The Financial Industry Regulatory Authority (FINRA) announced recently that it is launching an examination sweep probing the supervision, communications and diligence surrounding the opening of options accounts. The focus of the review will include “account supervision, communications and diligence” and will encompass both self-directed accounts and accounts where registered reps made recommendations for options.

The range of inquiry will span from Jan. 1, 2020, to the release of the letter, according to the agency. The letter comes with some warning, as FINRA President Robert Cook cited recently at a SIFMA conference that options account trading compliance would be one of several areas in which the agency was planning targeted sweeps.

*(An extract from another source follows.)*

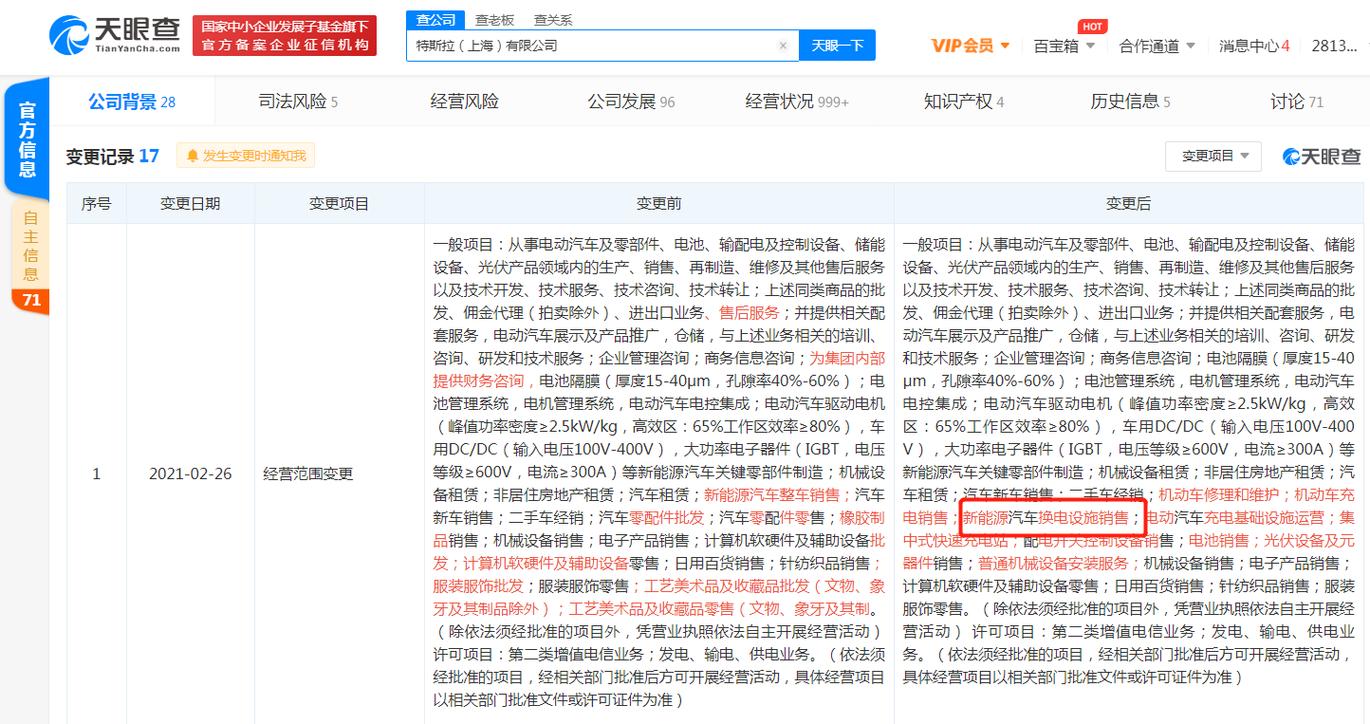 特斯拉关联公司经营范围新增"新能源汽车换电设施销售"等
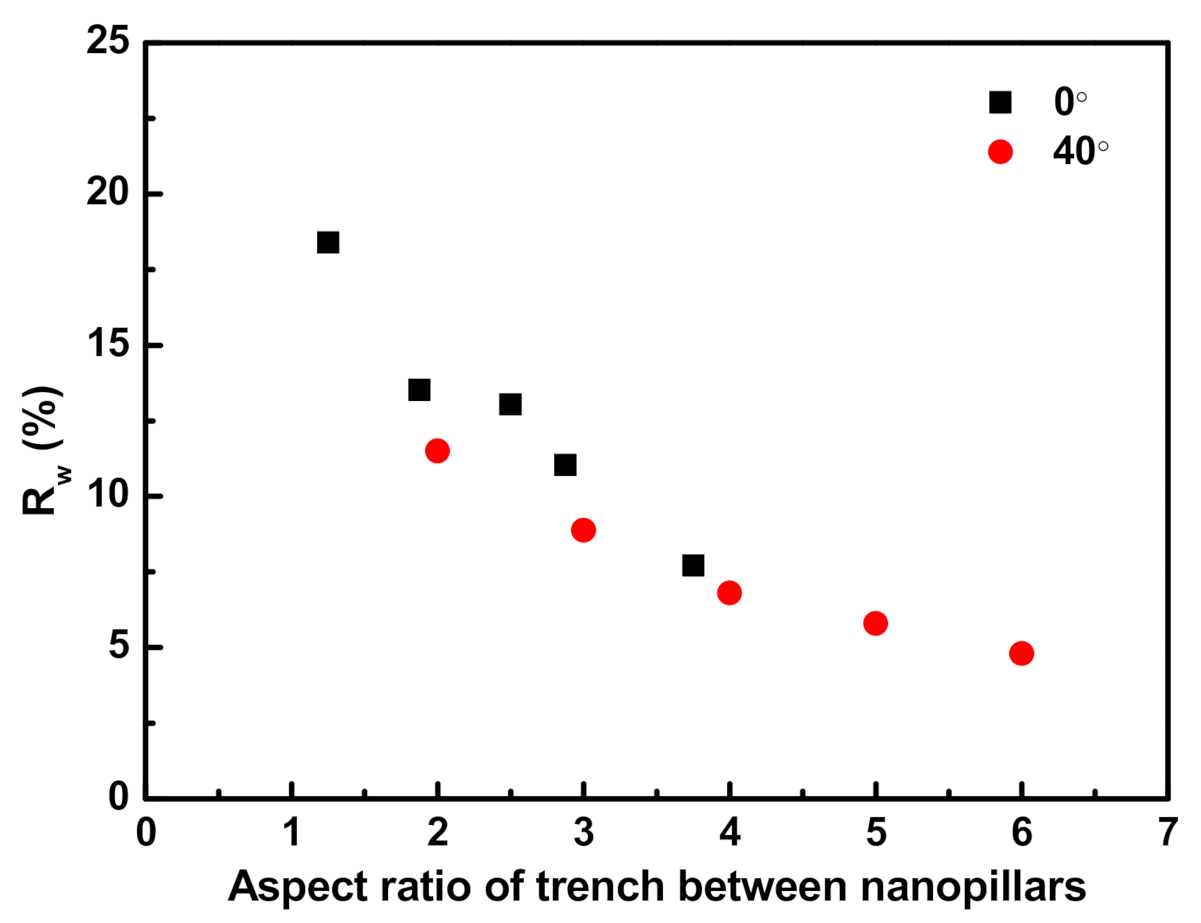 Materials 14 00380 g008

Sweep exams are used to focus examinations and pinpoint regulatory response to emerging issues. The number of firms included in targeted exams varies and the firms that are included are carefully chosen-in some cases only a few firms are included and in others, dozens. Firms are selected based on a variety of factors, including level and nature of business activity in a particular area, customer complaints and regulatory history, and prior examination findings.

FINRA will be looking into:

  • the firms’ Written Supervisory Procedures (WSP), compliance manuals and any other written guidance pertaining to the processes and procedures regarding options account opening and due diligence activities specific to each level of trading permission;
  • whether the firm surveils or reviews its existing options customers to determine whether accounts that had already been approved for options trading should be: (i) changed to more restrictive options account level and/or (ii) deemed ineligible or denied for further options trading;
  • whether the firm has any technology and/or process for systematic approval or denial of customer options account applications, along with the supervisory review of such systems
  • whether the firm required customers to open margin accounts or otherwise be approved for margin in connection with the options activity;
  • provide examples where options limitations were not appropriately applied, and any steps taken to date to prevent future breaches of requirements;
  • whether the firm reviewed its customer base to: (i) identify non-options customers for promotion or recommendation of an options account and/or (ii) identify existing options customers for promotion or recommendation of more advanced options account level;
  • describe if and by which means the firm advertised or otherwise made known to customers the availability of option account applications and produce sample options account applications or similar records used to collect information from customers that facilitate the firm’s options account approval process;
  • produce sample options-related disclosure materials or other communications provided to customers that explain firm practices and polices.